Prompt and completion logging is available at this layer. The Azure AI Foundry SDK includes
built-in OpenTelemetry instrumentation.
Both the azure-ai-inference and azure-ai-projects SDKs support content capture, which is off by
default in both and enabled via the AZURE_TRACING_GEN_AI_CONTENT_RECORDING_ENABLED environment variable.
The tracking infrastructure is provided by the SDK. The question that remains is whether to enable content capture or not. Prompt and completion spans may contain PII, secrets, or business data. Enabling capture creates direct responsibility for storage, access controls, and retention. The SDK makes it easy to turn on. The governance obligations do not disappear once you do.
Content capture can be enabled with one SDK flag. Governance should be in place before you enable it.
What to Enable
The logging layers described above are not equally relevant to every team. Each carries different cost and compliance implications, requires different configuration ownership, and answers different operational questions. Enabling everything by default is neither free nor safe. The rest of this series focuses on security operations; the breakdown below reflects that, with a brief note on what cloud operations teams should consider separately.
CloudOps
CloudOps teams operating Microsoft Foundry workloads should prioritise the Activity Log, AzureOpenAIRequestUsage, and AllMetrics for configuration integrity, token consumption tracking, and service performance. Application Insights is the primary reliability layer at the project level. Entra ID logs and the Audit diagnostic category add no distinct operational value at steady state for CloudOps. This series does not cover the CloudOps arc in depth; the focus from the next post onward is security operations logging, routing, and detection.
Security Operations
Security operations visibility for Microsoft Foundry spans identity, access, and behaviour across both the management plane and the AI workload. The gaps here are the most consequential: absent Entra ID logs leave agent identities unobservable, and missing Audit at project scope leaves agent operations without an access trail in Sentinel. The rest of this series is structured around closing these gaps: what to enable, how to route it, and what to do with it once it lands.

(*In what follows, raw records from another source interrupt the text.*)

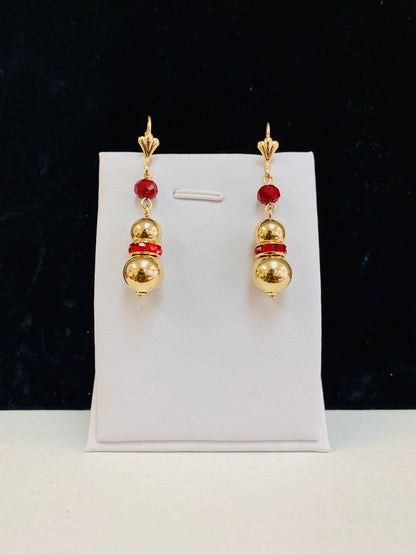 Gold Filled Dangle Ball Lever Back Earrings / Red Stones Earrings / Everyday Earrings for Womens / CZ Dangling Earrings / Aretes Colgantes de Oro Laminado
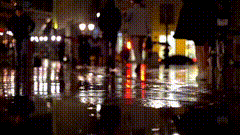 下雨天夜晚街道唯美素材特效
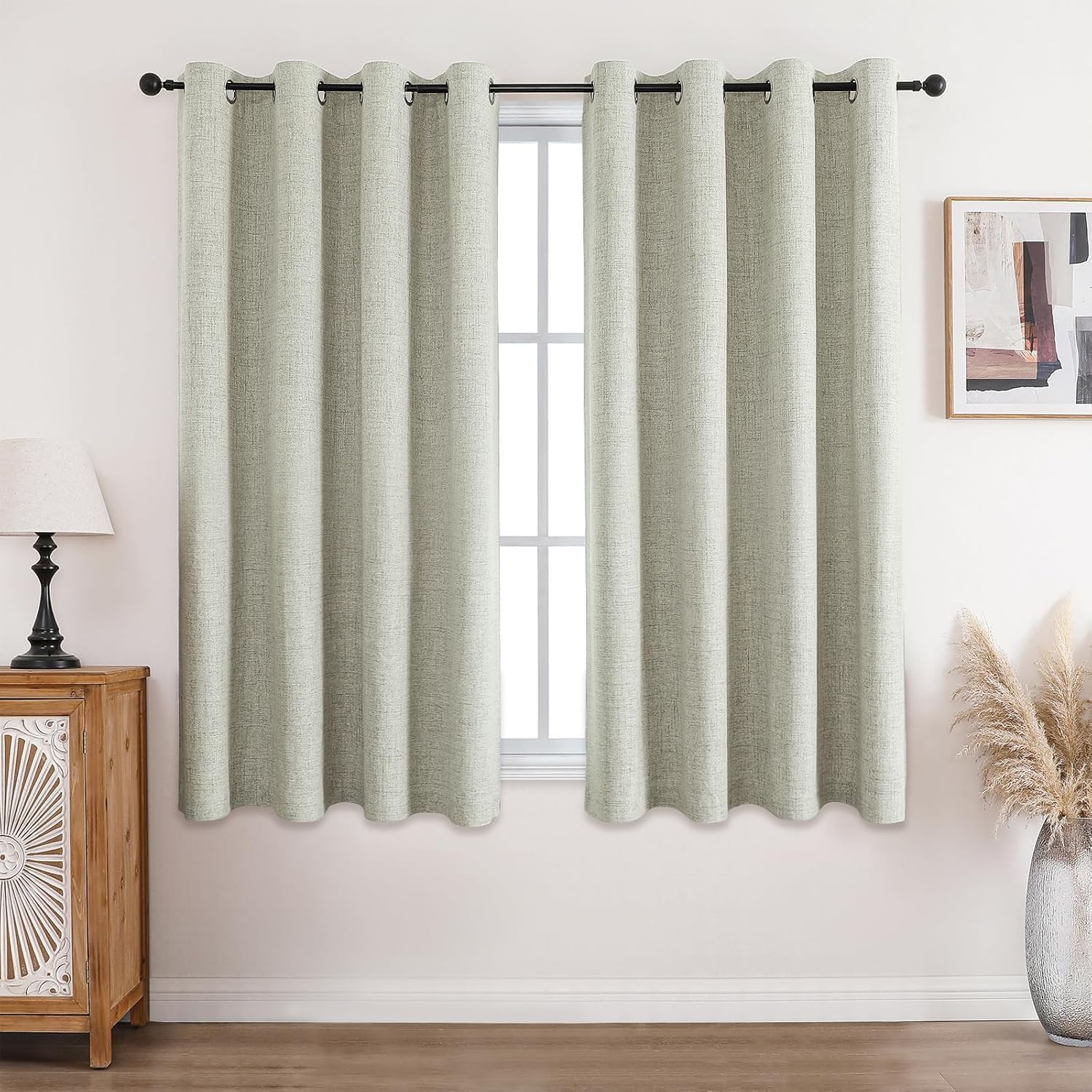 Detalle 2 de CUCRAF 100% blackout curtains (Light Beige) – 72 inch drop, 2 panels, thermal eyelet curtains
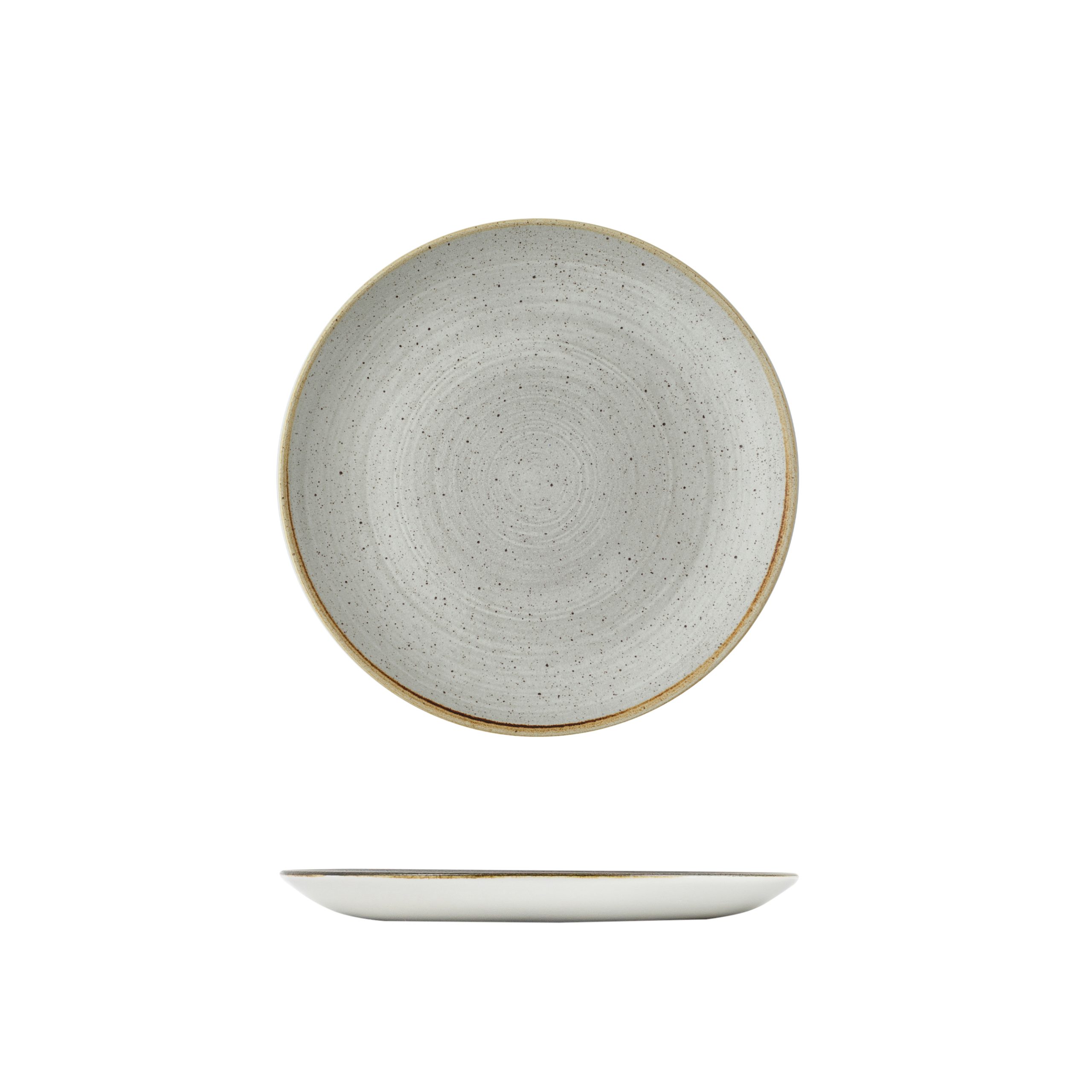 Stonecast Raw Grey Round Coupe Plate - 260mm (Pack of 12)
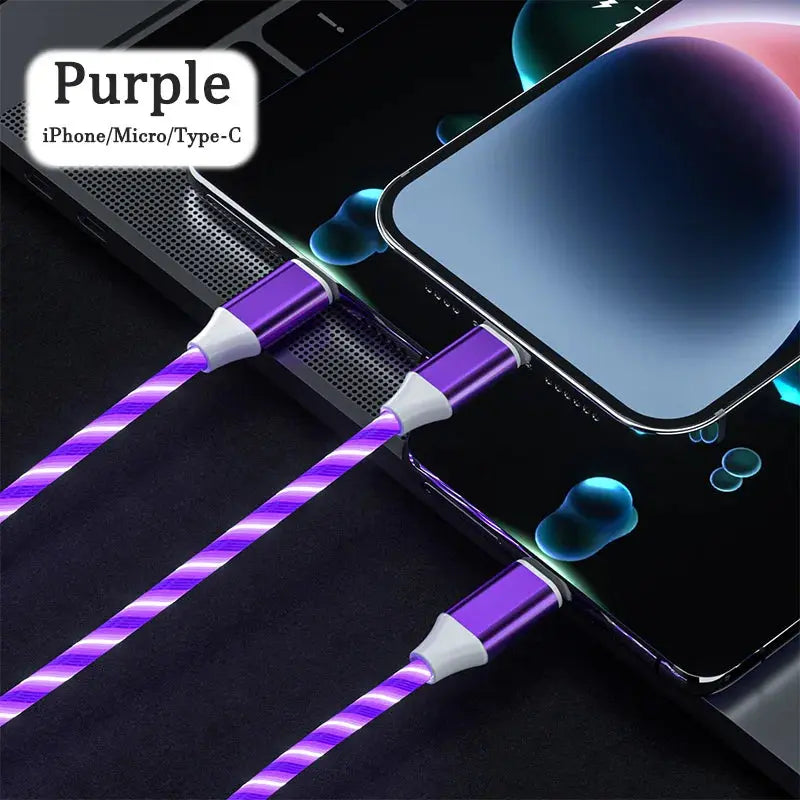 3-in-1 LED Illuminated Charging Cable with 3A Micro USB and Type-C Compatibility for iPhone, Xiaomi, and Huawei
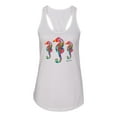 thumbnail image 2 of Wild Bobby, Colorful Rainbow Seahorses Animal Lover Ladies Racerback Tank Top, White, X-Large, 2 of 3
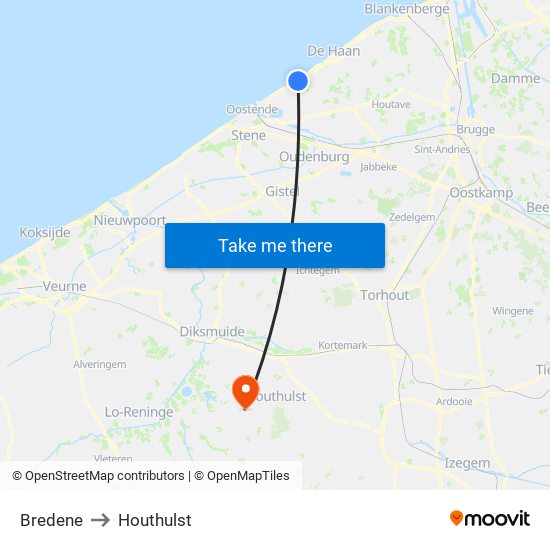 Bredene to Houthulst map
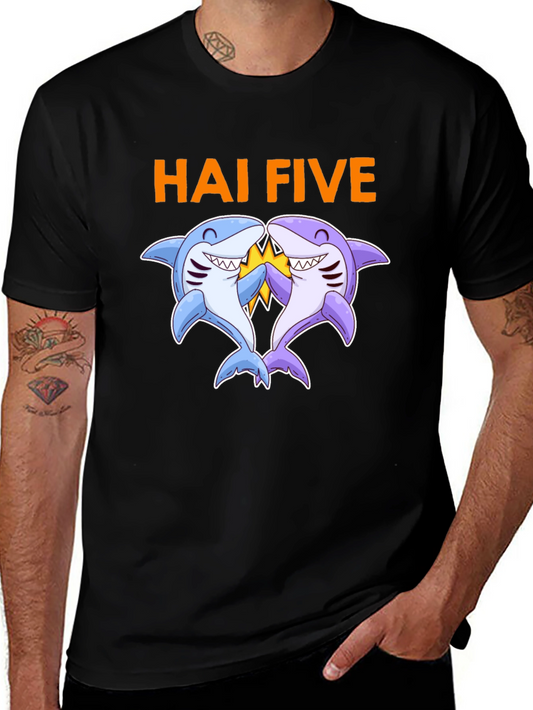 Hai Five Shark Graphic T-Shirt - Black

| Source | Enable | When to enable |
|---|---|---|
| Activity Log | ✓ | Primary source for detecting privilege escalation, lateral movement at the resource level, and misconfiguration. |
| Entra ID sign-in and audit logs | ✓ | Required to cover the agent authentication plane. Agents are Entra ID identities; without these logs, non-interactive sign-ins, service principal activity, and agent lifecycle events are a blind spot. Covered in depth in the next post in this series. |
Diagnostic Settings Audit | ✓ | Highest priority at both resource and project scope as it records which identities accessed which capabilities and when. |
Diagnostic Settings RequestResponse | ✓ | Enables detection of anomalous call patterns, unusual identity activity, and usage spikes that may indicate abuse or compromise. |
| Application Insights | ✓ | Surfaces agent-level behaviours absent from Foundry resource logs such as anomalous tool call chains, unexpected external dependencies, unusual exception patterns, and trace data. |
Diagnostic Settings AzureOpenAIRequestUsage | ✗ | No distinct SecOps value. |
Diagnostic Settings Trace | ✗ | Not a detection source under normal conditions. |
Diagnostic Settings AllMetrics | ✗ | No distinct SecOps value. |
Key Takeaways
- The Foundry resource and each Foundry project are separate resources in the Azure Monitor model. Diagnostic Settings configured at the resource level do not apply to projects. Configure them independently or accept the gaps.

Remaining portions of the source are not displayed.